Battery specialist calls for investigation into "portable battery recycling shambles"

Written by: Editorial staff | Published:
Portable lead acid batteries

Waste batteries collection company G & P Batteries has asked for an investigation into what it calls "a portable battery recycling shambles" after 2016 final quarter figures, according to the battery specialist, have yet again confirmed a disproportionate over-reliance on portable lead acid batteries to meet the UK’s mandatory collection targets.

"Despite changes in guidance, which reduces the weight threshold of portable lead acid batteries from a maximum of 10kgs to 4kgs, the figures which suggest that the UK has hit its 45% target at the end of 2016 are heavily over-reliant on portable lead acid battery collections," said G & P’s managing director Greg Clementson.

According to the MD, latest figures issued by the Environment Agency on the National Packaging Waste Database show that 38,725 tonnes of portable batteries were placed on the market during 2016, of which 1936 tonnes were portable lead acid batteries. Of the 17,232 tonnes of portable batteries received by ABTOs (approved battery treatment operators) and ABEs (approved battery exporters) from the battery compliance schemes, 8,745 (more than 50%) of these were lead acid batteries.

"This equates to a collection rate of 451% for the year, demonstrating a continued and disproportionate over-reliance on lead acid batteries for providing ‘evidence’ of the collection of portable batteries for recycling. A total of 36,788 of other battery chemistries were placed on the market during 2016, with 8486 (23%) collected," added Clementson.

“Despite the change in guidance there has been no reduction in the proportion of portable lead acid battery evidence, and I can see no rational explanation as to why this situation perpetuates, unless there is a massive under-reporting of material going on to the market or a similar over-reporting of material coming off the market, which implies that either battery manufacturers or the ABTOs and the waste industry misunderstands this legislation,” continued G & P’s managing director.

“The high number of lead acid batteries being collected creates a false impression of the UK’s portable battery recycling track record.
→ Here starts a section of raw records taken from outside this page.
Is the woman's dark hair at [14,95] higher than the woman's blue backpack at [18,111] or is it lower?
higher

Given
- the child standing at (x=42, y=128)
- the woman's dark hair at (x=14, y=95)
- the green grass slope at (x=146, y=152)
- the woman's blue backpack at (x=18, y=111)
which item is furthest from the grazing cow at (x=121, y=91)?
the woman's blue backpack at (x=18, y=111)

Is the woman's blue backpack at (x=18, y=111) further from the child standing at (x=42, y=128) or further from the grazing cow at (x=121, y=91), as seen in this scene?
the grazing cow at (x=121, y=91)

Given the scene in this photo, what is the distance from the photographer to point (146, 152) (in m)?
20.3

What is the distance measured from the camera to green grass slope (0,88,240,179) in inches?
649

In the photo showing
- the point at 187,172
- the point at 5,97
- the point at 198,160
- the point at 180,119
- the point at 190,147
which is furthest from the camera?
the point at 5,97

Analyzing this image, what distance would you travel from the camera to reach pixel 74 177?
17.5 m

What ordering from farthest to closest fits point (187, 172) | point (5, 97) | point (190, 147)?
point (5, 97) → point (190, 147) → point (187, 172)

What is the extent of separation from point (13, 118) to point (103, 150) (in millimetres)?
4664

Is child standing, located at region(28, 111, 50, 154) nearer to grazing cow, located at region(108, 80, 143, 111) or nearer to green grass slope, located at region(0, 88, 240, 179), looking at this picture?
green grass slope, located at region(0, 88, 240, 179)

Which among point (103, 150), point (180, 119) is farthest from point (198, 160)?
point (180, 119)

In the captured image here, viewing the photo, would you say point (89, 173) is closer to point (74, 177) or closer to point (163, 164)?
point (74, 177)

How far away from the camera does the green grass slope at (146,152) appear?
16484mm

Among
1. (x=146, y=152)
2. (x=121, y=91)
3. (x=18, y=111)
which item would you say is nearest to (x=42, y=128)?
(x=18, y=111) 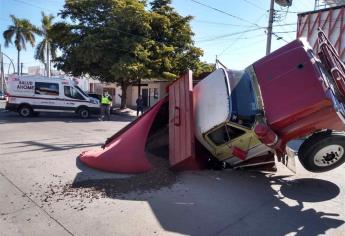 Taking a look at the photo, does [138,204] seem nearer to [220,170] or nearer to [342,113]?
[220,170]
Before the legislation was enacted, the UK already recycled 99% of its lead acid batteries and only 3% of other chemistries. The legislation was designed to encourage greater recycling of all battery types and whilst collection rates for other chemistries have improved, the Environment Agency figures clearly demonstrate a continued over-reliance in the UK on lead acid portable battery evidence for meeting the mandatory 45% target, something not seen in other European countries where the regulations apply. That suggests that the UK is actually underperforming when it comes to the other battery chemistries.

“This situation is contrary to the aim and spirit of the legislation and cannot be sustainable in the long term. We really need an investigation into why lead acid batteries are dominating these collection rates and to look more closely into exactly how many batteries of other chemistries from the UK are being recycled.” stated Clementson.